If we use the model we've trained using the training set, we can output the model's confidence of a given passenger surviving, as seen in the probability column. To better evaluate model performance, we discretize the confidence output: survival probabilities above 0.5 will be considered to have survived and less than 0.5 will be considered to have died. 

In [None]:
from sklearn.metrics import confusion_matrix
# confusion_matrix(train['Survived'], train['Predicted'])

train_cmatrix = pd.crosstab(np.where(train['Survived'] == 1, 'Survived', 'Died'), 
                            np.where(train['Predicted'] == 1, 'Survived', 'Died'),
                            rownames=['Actual'],
                            colnames=['Predicted'],
                            margins=True)
display(train_cmatrix)

The above is a confusion matrix, which shows what happened in reality vs. what the model predicted. For example, out of the 712 passengers in the training dataset, there were 63 instances where the model predicted that they would survive, when in reality they had died. 

We can use the F1 score to quantify how well our GLM is performing. It is the harmonic average of precision and recall, with precision being the proportion of predicted survivors that had actually survived, and recall being the proportion of all actual survivors being predicted to survive. 

In [None]:
train_tp = train_cmatrix['Survived']['Survived']
train_fp = train_cmatrix['Survived']['Died']
train_fn = train_cmatrix['Died']['Survived']
train_precision = train_tp/(train_tp + train_fp)
train_recall = train_tp/(train_tp + train_fn)
train_f1 = 2/(train_precision**-1 + train_recall**-1)
print("The F1 Score of the model on the training dataset is " + str(train_f1))

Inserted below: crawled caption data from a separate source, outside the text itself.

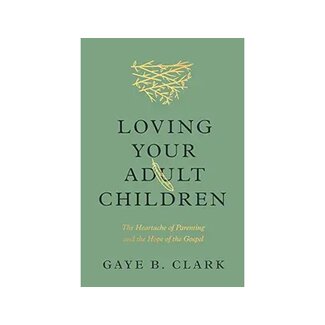 Gaye B. Clarke Loving Your Adult Children: The Heartache of Parenting and the Hope of the Gospel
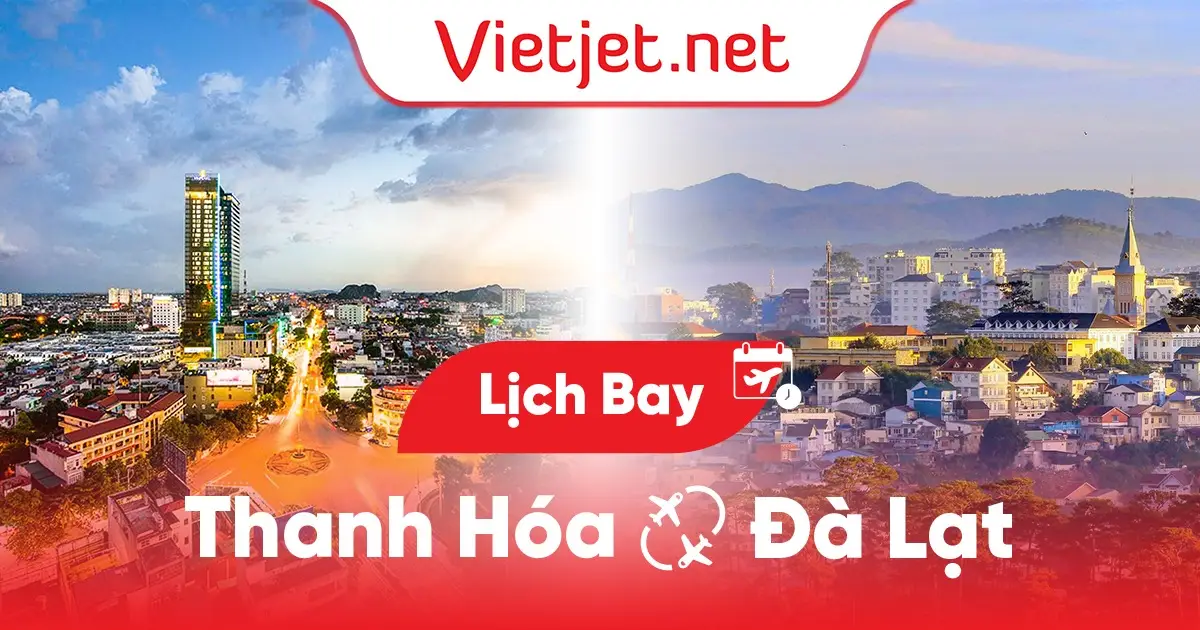 Lịch bay Thanh Hóa đi Đà Lạt hôm nay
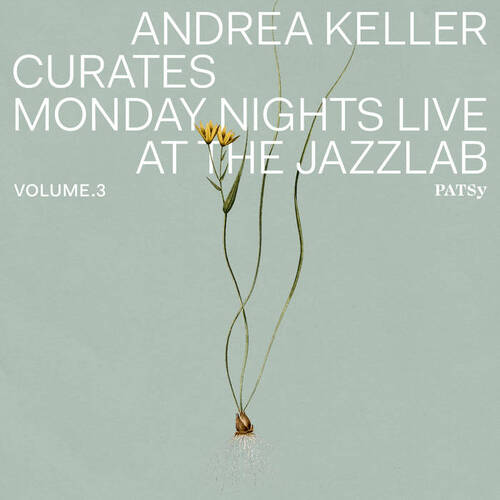 Andrea Keller - Curates Monday Nights Live at the Jazzlab Volume 3 PATSy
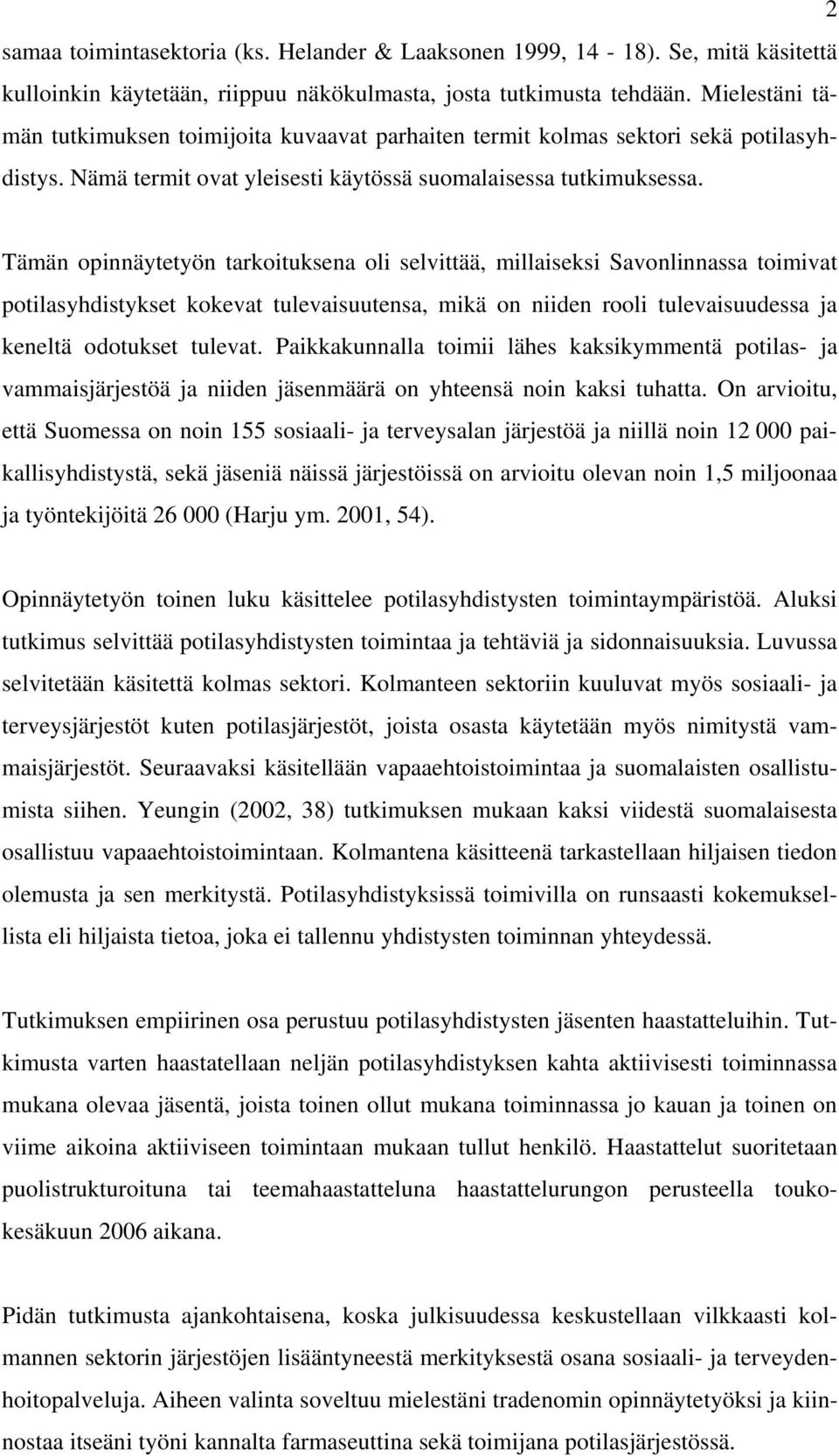 Tämän opinnäytetyön tarkoituksena oli selvittää, millaiseksi Savonlinnassa toimivat potilasyhdistykset kokevat tulevaisuutensa, mikä on niiden rooli tulevaisuudessa ja keneltä odotukset tulevat.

F1 scores range from 0 to 1, where 1 is perfect performance (all actual survivors are predicted to survive by the model, with no false positives/ negatives). Our model is, at the very least, acceptable, and is doing better than random guessing. 

# Initial Results

In [None]:
survival = pd.DataFrame.from_csv('C:/Users/vlee/PycharmProjects/Jupyter-Notebooks/Kaggle/Titanic/Data/gender_submission.csv', index_col = None)
test = pd.DataFrame.from_csv('C:/Users/vlee/PycharmProjects/Jupyter-Notebooks/Kaggle/Titanic/Data/test.csv', index_col = None)
test.drop(['Name','Ticket','Cabin'], axis = 1, inplace = True)
test = pd.get_dummies(data = test, columns = ['Pclass', 'Sex', 'Embarked'])
test = survival.merge(test, on = 'PassengerId')
print("Here are the dimensions of our testing dataset, before removing rows with missing data, in (row, column) form: " + str(test.shape))

test_missing = test[pd.isnull(test['Age'])].copy()
test_missing.drop(['PassengerId', 'Pclass_3', 'Sex_male', 'Embarked_S'], axis = 1, inplace = True)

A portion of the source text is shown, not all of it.